Bei Maybrit Illner sprach sich Friedrich Merz am Donnerstagabend gegen Grenzschließungen aus. „Ich möchte, dass die Grenzen offenbleiben“, erklärte der Bundeskanzler in der ZDF-Sendung mit Blick auf die europäische Freizügigkeit und den freien Handel. „Aber Kontrollen sind möglich, sie sind rechtlich zulässig und sie werden durchgeführt“ – allerdings nur in einem gewissen Rahmen.
Denn „alles, was wir zurzeit machen, ist nur auf Zeit möglich“, erklärte der CDU-Politiker weiter und begründete das mit den verschiedenen in der Europäischen Union geltenden Migrationsregeln, die Fachleute jetzt als „dysfunktional“ bezeichnen würden. Merz hatte diesen Begriff im Wahlkampf selbst benutzt, um die Einwanderungspolitik der EU zu kritisieren und ausnahmslose Zurückweisungen zu versprechen.
Nach seiner Wahl zum Bundeskanzler hatte er dann wiederum erklärt, man müsse sich an europäisches Recht halten. So kam es auch zu einer unübersichtlichen Situation bei der angeblichen Ausrufung einer nationalen Notlage nach Artikel 72 des Vertrages über die Arbeitsweise der Europäischen Union (Apollo News berichtete). In diesem Artikel wird festgehalten, dass eine temporäre Ausnahme für ein Land von den europäischen Asylregeln erteilt werden kann, wenn dessen Sicherheit und Ordnung gefährdet sind.
Merz wollte bis heute nicht bestätigen, dass eine nationale Notlage ausgerufen wurde, und verwies bei Maybrit Illner vielmehr auf das schnelle Handeln von Innenminister Alexander Dobrindt, der am ersten Tag seiner Amtszeit Zurückweisungen an den deutschen Landesgrenzen angeordnet hatte. Seine widersprüchlichen Aussagen zu einer möglichen Notlage in Deutschland ließ Merz aber offen und erklärte, die Migrationsregeln der EU jetzt „gemeinsam verbessern“ zu wollen.
Auf die konkrete Frage, wie lange die Grenzkontrollen durchgeführt werden könnten, entgegnete Merz, es sei zu früh, „das jetzt zu sagen.

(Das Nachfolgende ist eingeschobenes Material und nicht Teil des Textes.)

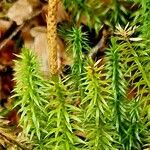 Lycopodium annotinum Kvet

Aber wir sehen ja jetzt schon, dass die Zahlen deutlich runtergehen“. Tatsächlich zeigen erste Zahlen: Dobrindts Anweisung wirkt, 60 Prozent der Asylbewerber wurden in der ersten Woche zurückgewiesen (mehr dazu hier). Auch in den ersten Wochen des Jahres seien erste Erfolge zu sehen gewesen, weil die Union die Ampel gedrängt habe, Grenzkontrollen einzuführen, meinte Merz.
Ob die Grenzkontrollen und großangelegten Zurückweisungen aber nur in einem durch die europäischen Migrationsregeln bestimmten temporären Rahmen oder darüber hinaus durchgeführt werden sollen, bleibt weiter unklar. Schon bei seinem ersten Staatsbesuch des polnischen Ministerpräsidenten Donald Tusk hatte Merz darauf verwiesen, es brauche eine „europäische Lösung“, konkrete Ziele aber zunächst offengelassen.
Langfristig möchte die Union die Kontrollen wieder an den EU-Außengrenzen durchführen lassen. Denn eigentlich sehen die EU-Gesetze auch vor, dass Asylanträge dort gestellt werden müssen, wo ein Migrant zuerst das Territorium der EU betreten hat – in der Praxis funktioniert das im Moment nicht. Deshalb möchte die Union an den Landesgrenzen eben großflächig zurückweisen lassen – der Zeitraum ist dabei weiterhin unklar.